Harden's death comes just days before his EP was scheduled for release and less than a month after fellow house music house music star Frankie Knuckles also died the city.
Harden, a resident of nearby Calumet City, was poised for a breakout year, according to the Chicago Sun-Times. His fifth album was his best reviewed, he was scheduled to play clubs all over the world, and on Monday, his latest EP, "We On 1," was scheduled to be released.
"It's just a tragic loss of a great musical genius," said longtime friend and collaborator Morris harper, who performs as DJ Spinn and who was scheduled to appear Saturday night with Rashad in Detroit.
Rashad was considered a pioneer of footwork - an electronic oriented music genre that originated in Chicago.
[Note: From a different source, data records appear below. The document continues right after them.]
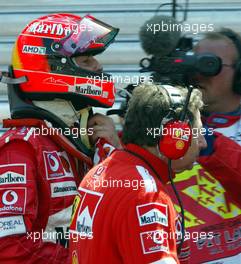 23.05.2004 Monte Carlo, Monaco, F1, Sunday, May, after his crash, Michael Schumacher, GER, Scuderia Ferrari Marlboro, F2004, Action, Track, comes back in the box, Pitlane to finish the race, with Jean Todt, FRA, Ferrari, Teamchief, General Manager, GES - Formula 1 World Championship, Rd 6, Monaco Grand Prix, Race,  MCO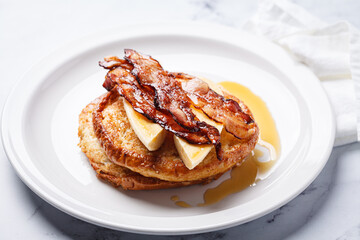 French toast with bacon, banana and maple syrup.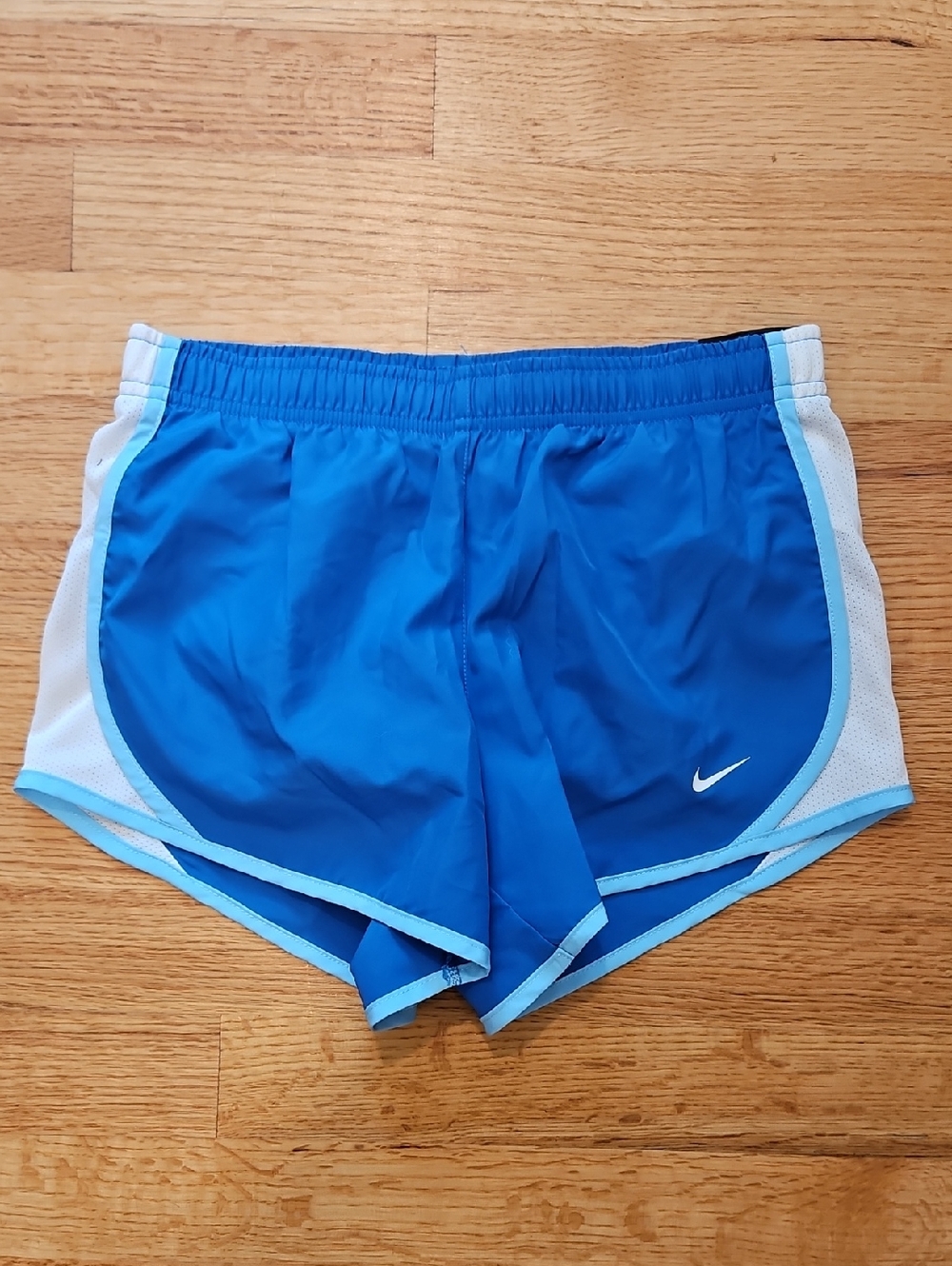 Nike Blue Girls Athletic Shorts with White Mesh and Light Blue Trim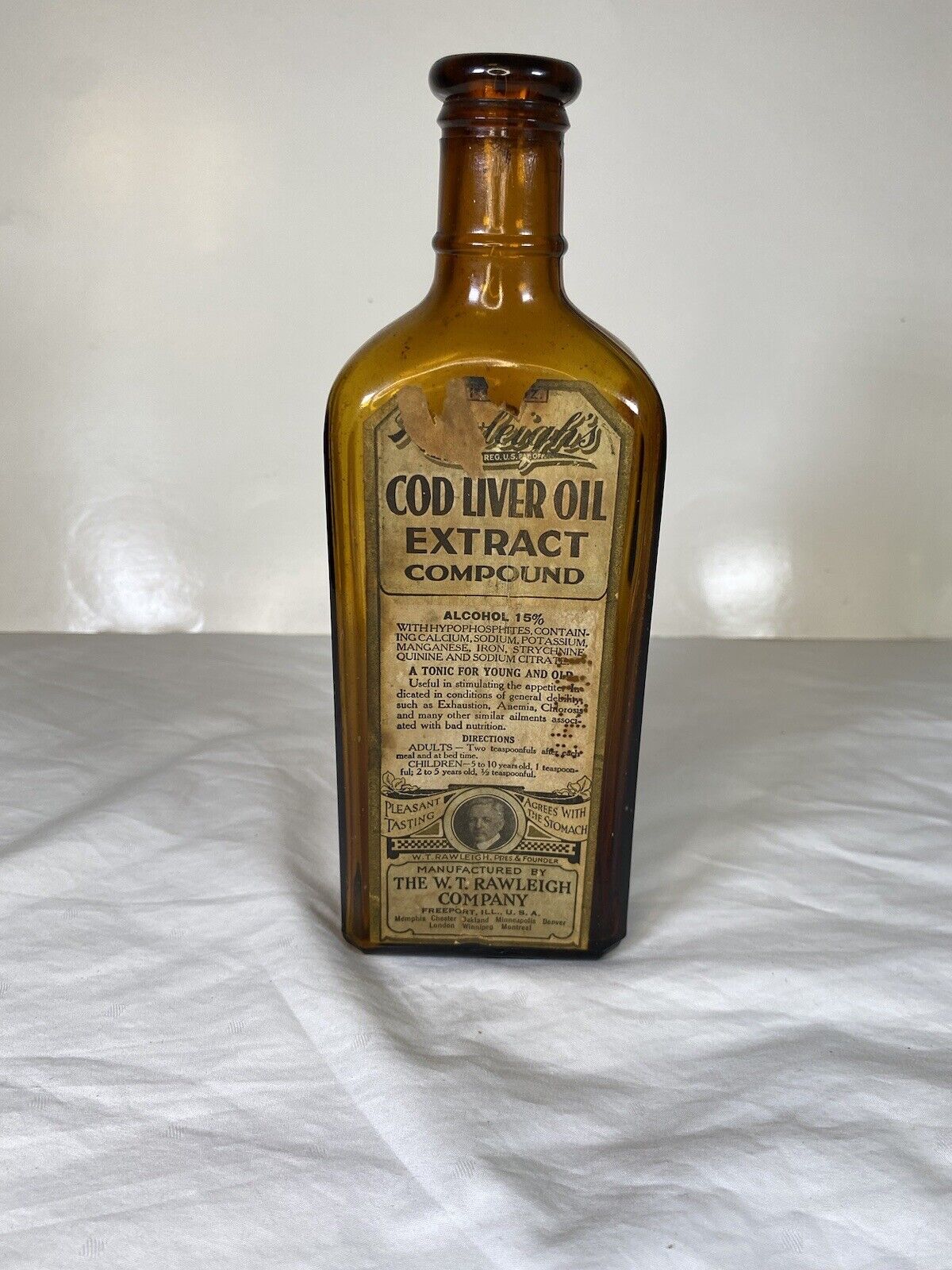 Antique Amber Bottle Circa 1915 W.T. Rawleigh's Cod Liver Oil Extract Compound.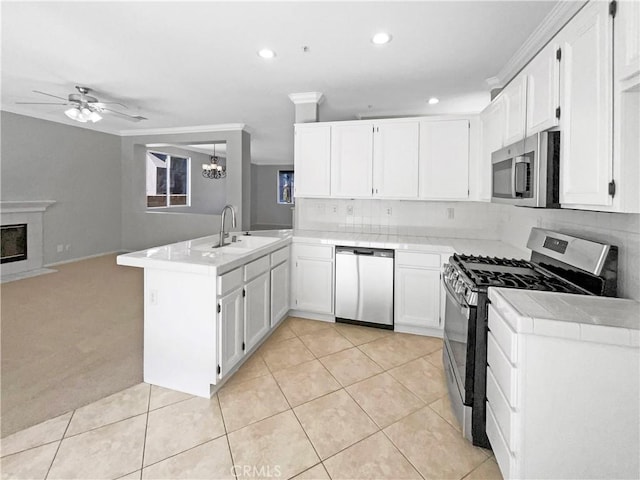 7411 Bull Run Pl, Fontana, CA 92336 - kitchen featuring appliances with stainless steel finishes, a peninsula, a sink, tile countertops, and a chandelier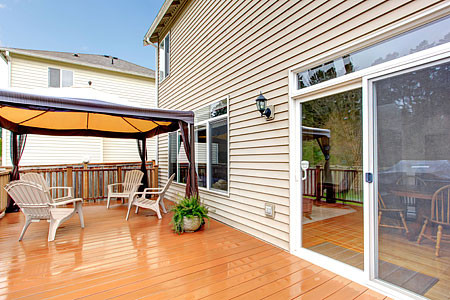 There is a deck with a gazebo and chairs on it.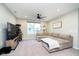 Comfortable living room featuring a large sectional, ceiling fan, natural light, and an entertainment center at 7158 Sugar Maple Ln, Brownsburg, IN 46112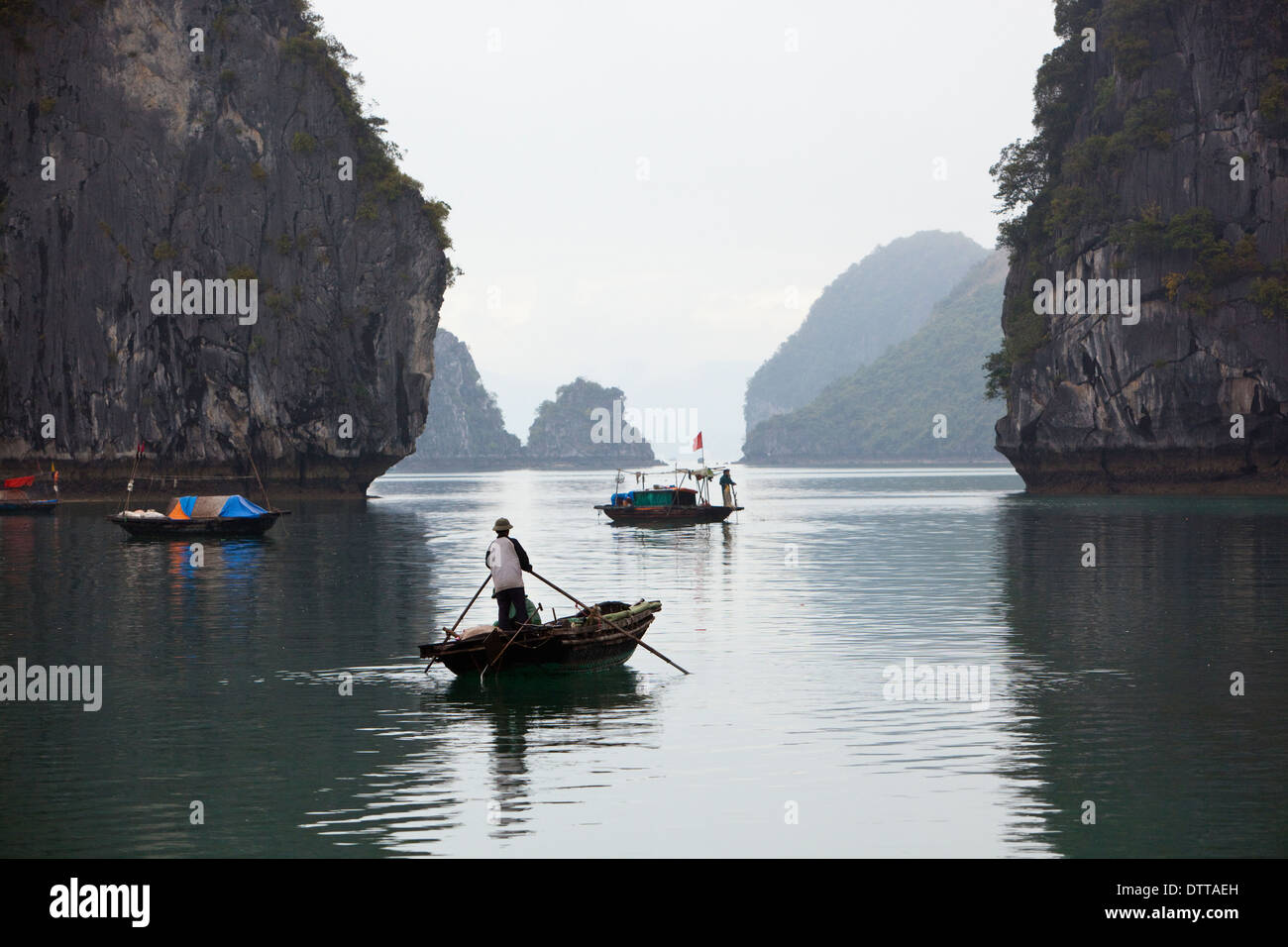 Two small fishing boats each with a man on, maneuver between tall rock outcrops in Ha Long Bay, Quang Ninh province, Vietnam Stock Photo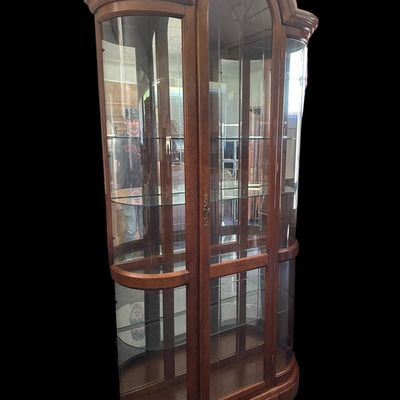 Sale Photo Thumbnail #477: 86"T × 44"W × 15"D Tall wood-framed curio cabinet with curved glass sides and arched top. Lighted interior with 5 glass shelves. Measurements: approx. 86" tall × 44" wide × 15" deep. Great for displaying collectibles. Local   in   / Shreveport area.  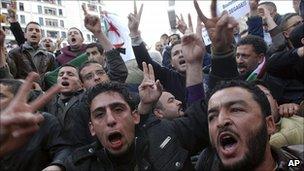 Algerian protesters chant slogans during a demonstration in Algiers, 12 February 2011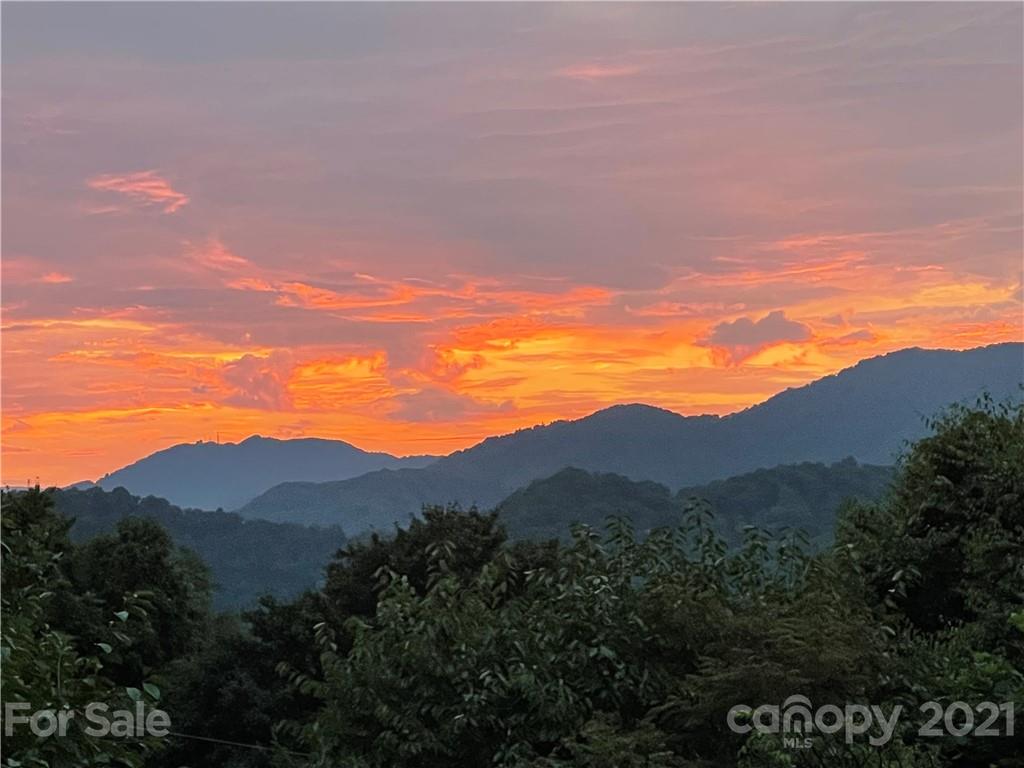 595 Hunters Ridge Road, Unit 20 Canton, NC 28716 - Photo 45 of 47 a view of a lake and mountains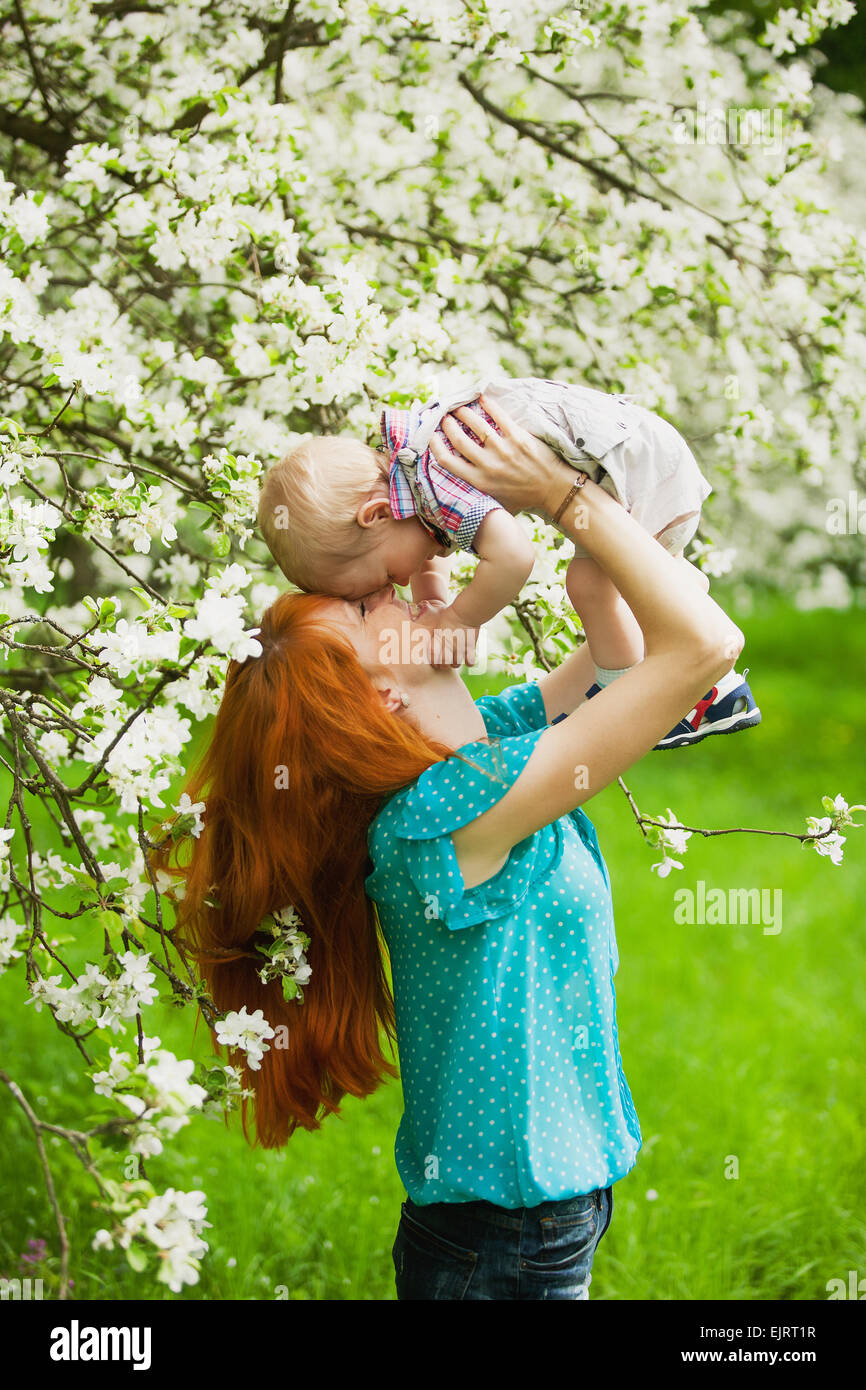 Porträt von glücklich glückliche Mutter und Sohn im Frühlingsgarten. Sie spielen und lachen. Blühende Apfelbäume. Familien-Konzept. Stockfoto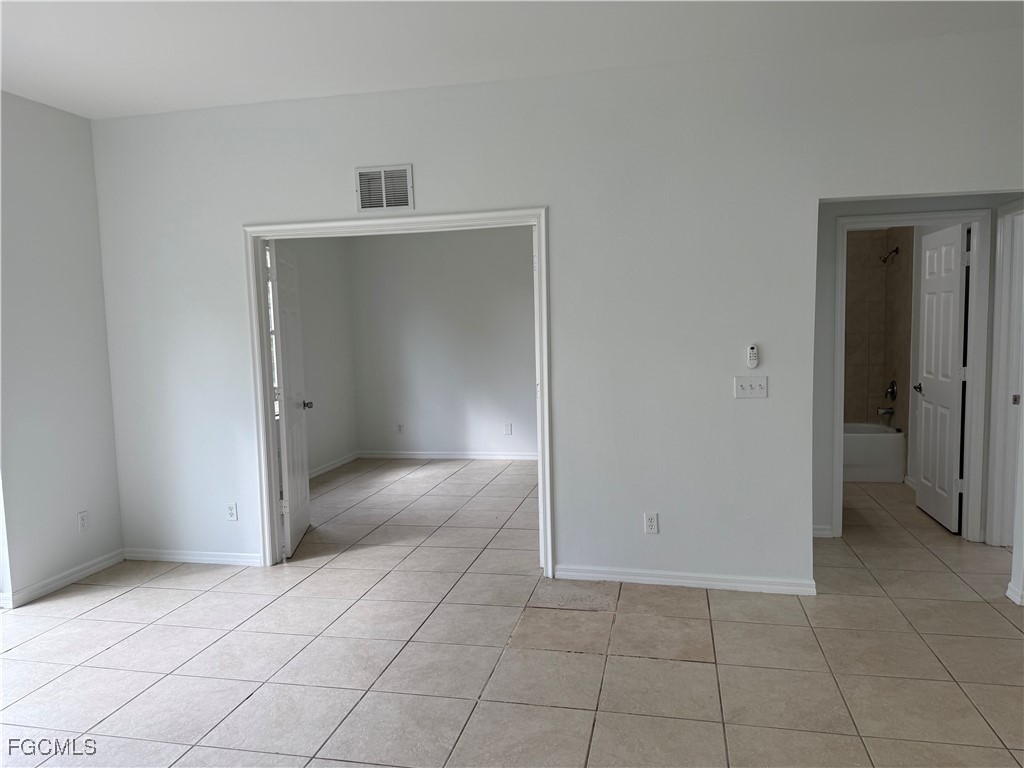 3969 Sunset Road Lehigh Acres, FL 33971 - Photo 7 of 29 a view of an empty room and closet area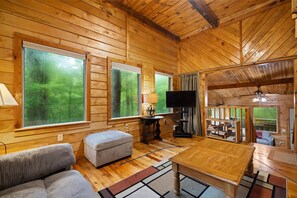 A cozy cabin interior with large windows, a television, a wooden table, and a sofa.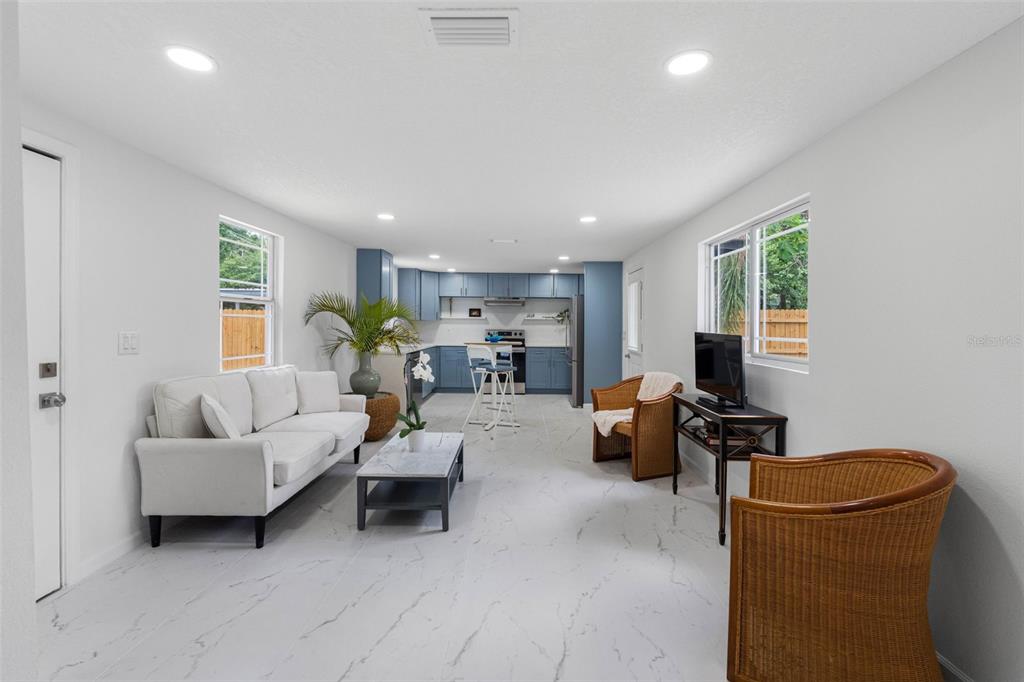 A white house exterior features a wooden deck, a dark front door, and gravel landscaping — 1208 E CHILKOOT AVENUE, TAMPA, FL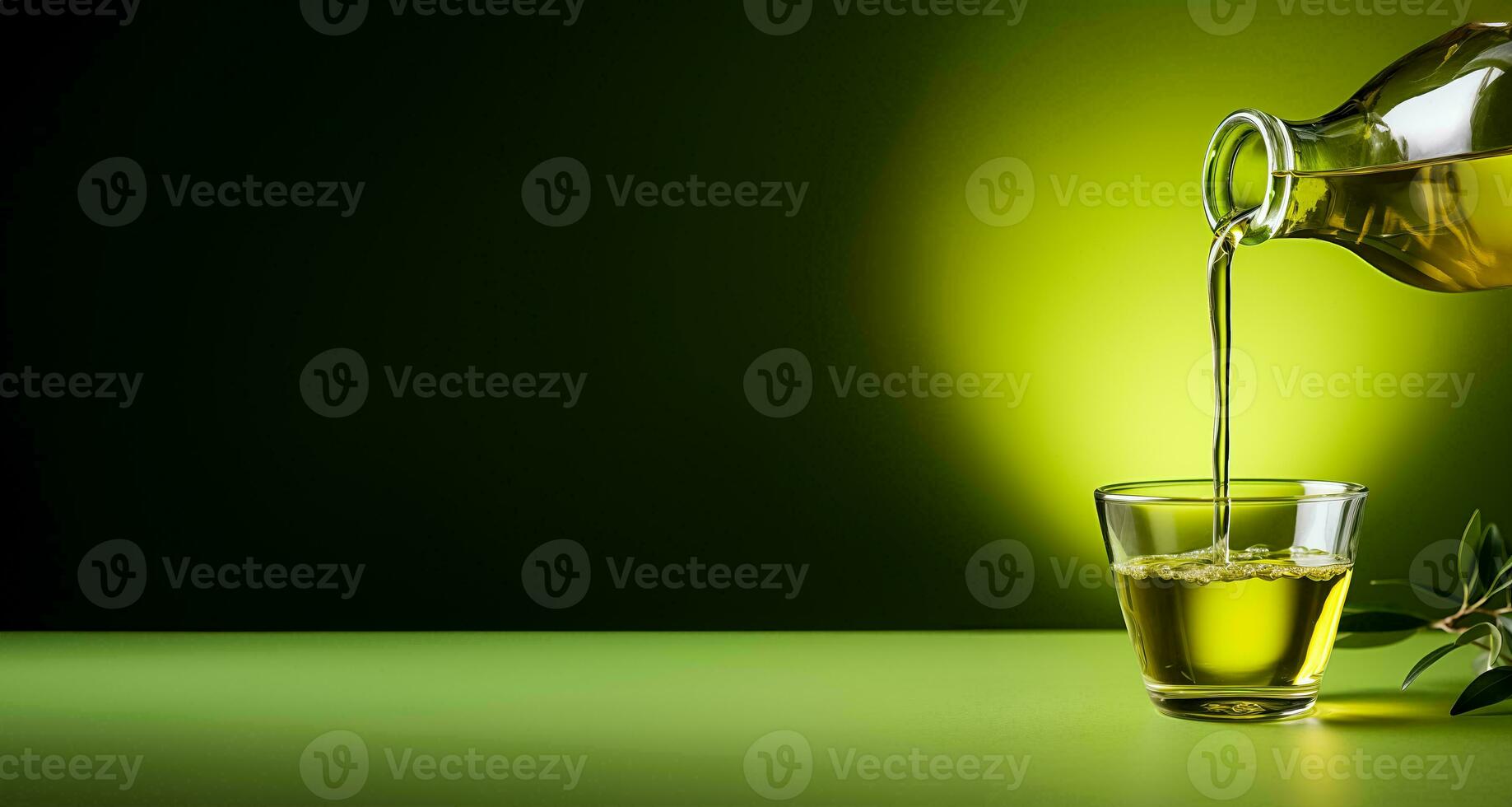 Hand pouring organic olive oil into a glass bottle isolated on a green gradient background photo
Once known as juke, footwork is named for its quick dance moves and is known for what Rolling Stone calls a "frenzied and hypnotic style of dance music that features heart-racing BPMs and, often, chopped-up loops of popular rap, R&B and pop vocals."
The Sun-Times reports that Rashad's fifth LP, "Double Cup," which came out last year, is credited with attracting a wider audience to footwork music.
"He shared his music with everyone that would listen," Harden's father, Anthony Harden, told the Sun-Times. "He's been all over the world, taking footwork all over the world."